As noted above, Curinos expects continued beta pressure even in the event of a Fed plateau. In the three months following the last Fed increase in 2019, 4% of savings balances and 6% of CD balances switched to higher rates, driving portfolio interest expense an additional 0.15% higher after the final Fed increase. (See Figure 1.)
Figure 1: Consumer Portfolio Interest Expense Changes During Last Fed Plateau (Dec. 2018 - June 2019
Source: Curinos Comparitive Deposit Analytics (CDA)
With the gap between back book and front book rates significantly wider in this cycle compared with the last, the same level of churn could have even greater effects. Additionally, the potential for an extended plateau leads to ongoing risk of interest expense creep. Bankers must be on the lookout for this and create plans to manage it.
Commercial Focus: Competition Heats Up
Commercial banks are entering 2023 following double-digit loan growth on a year-over-year basis in 2022 and a 11.7% year-over-year decline in deposits. Sentiment shifted decisively in 2022 to focus on growth and retention instead of lagging the Fed’s rate hikes. In response, betas accelerated through the second half of the year. But that wasn’t enough to stanch the balance outflows as quantitative tightening drained liquidity from the market. Commercial customers stepped in to buy bonds, filling the funding need created as the Fed reduced its balance sheet. In turn, commercial deposits drained from balance sheets.

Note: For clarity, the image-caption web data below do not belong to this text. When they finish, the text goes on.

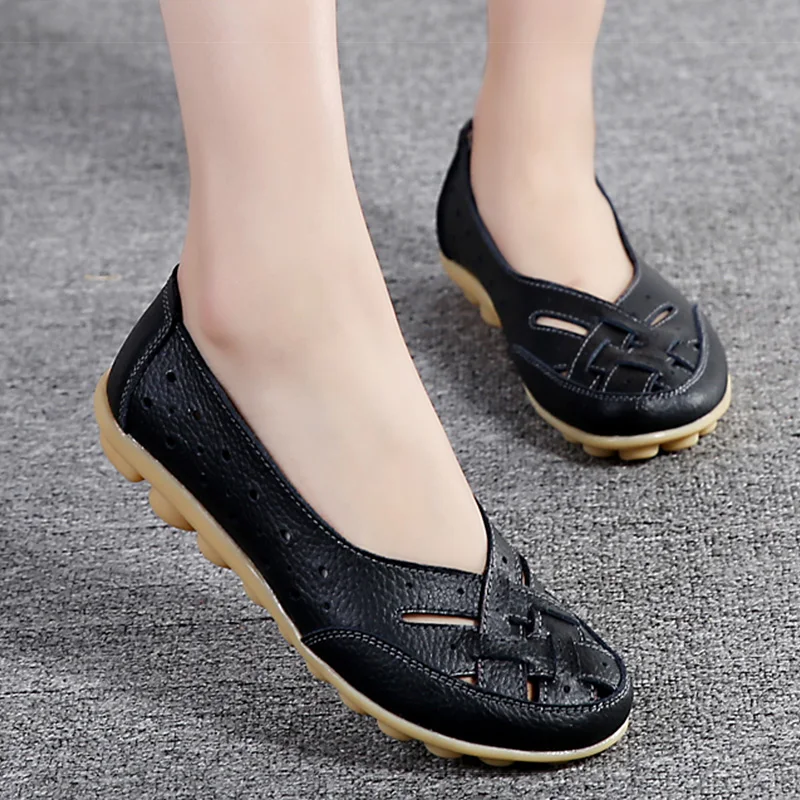 Sapatos baixos de couro respirável para mulheres, sapatos macios, sapatilhas casuais, sapatos femininos, novo, 2023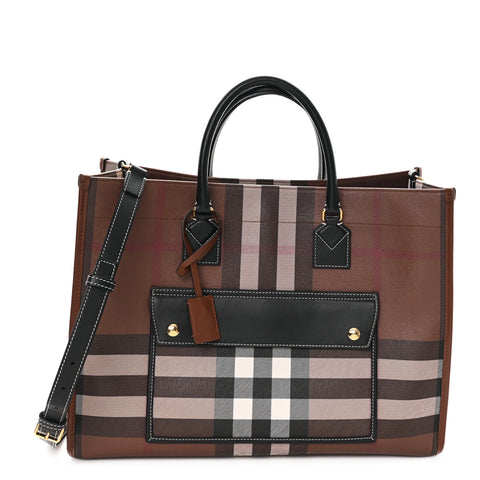 E-Canvas Check Calfskin Medium Freya Tote Dark Birch Brown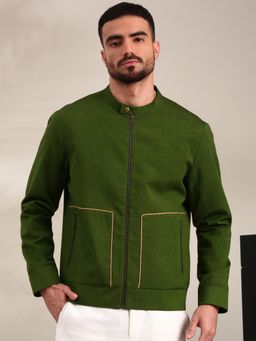 MAYANK MODI - Green Cotton Bomber Jacket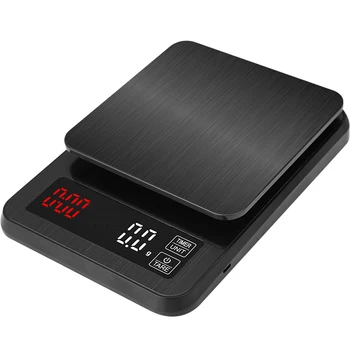 타이머가 있는 정밀 전자 주방 저울, LCD 디지털 드립 커피 저울, 무게 균형, 가정용 저울, 5kg, 0.1g, 10kg, 1g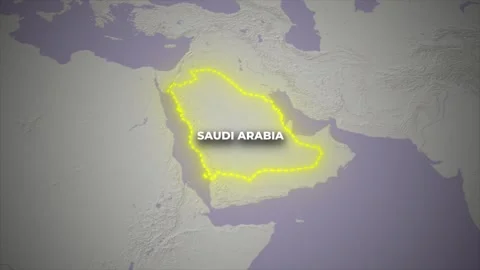 Saudi Arabia Map Border Highlight Animation on World Map Background Vídeos de archivo 336632076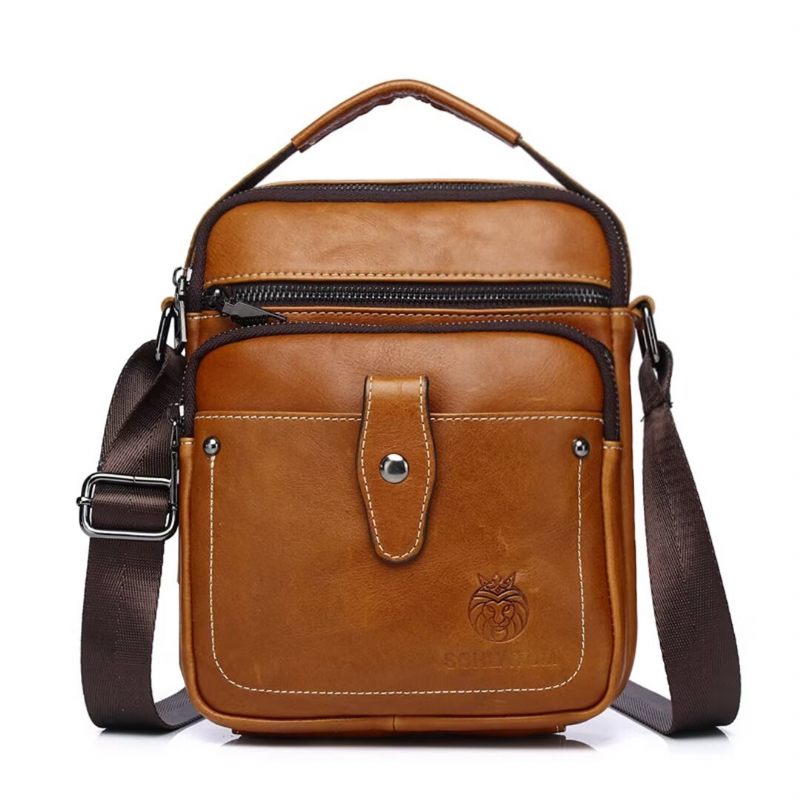 Férfi Válltáskák Majestic Journey Leather Holdall - Fekete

Looking at what’s in store for 2023, commercial banking businesses face three distinct challenges:
- Continued back-book repricing of interest-bearing deposits, even as the Fed funds rate plateaus. While average commercial MMDA betas are now at 48% through the cycle, roughly 25% of balances are still priced below 50 bp. There is significant room for betas to increase further if a portion of these balances move toward market average (or higher) rates. (See Figure 2.)
- Rotation of balances from non-interest bearing to interest bearing accounts. Average ECR balances were down 9% in the fourth quarter, while interest checking balances were up 3.9% and MMDA balances were flat. While an increase in realized net fee income can cushion some of the earnings impact from this rotation, it can be quickly overwhelmed by the added interest expense on larger balances.
- Ongoing headwinds to growth as the Fed maintain the pace of quantitative tightening. While there is a wide range of possible balance growth scenarios under various macroeconomic conditions, the most likely scenarios point to another year of negative commercial deposit growth.
Optimizing commercial deposit portfolio performance in this environment will require agility in responding to enterprise funding needs and a comprehensive approach to relationship pricing. The combination will help balance shifting economics across loan and deposit spreads and fee income.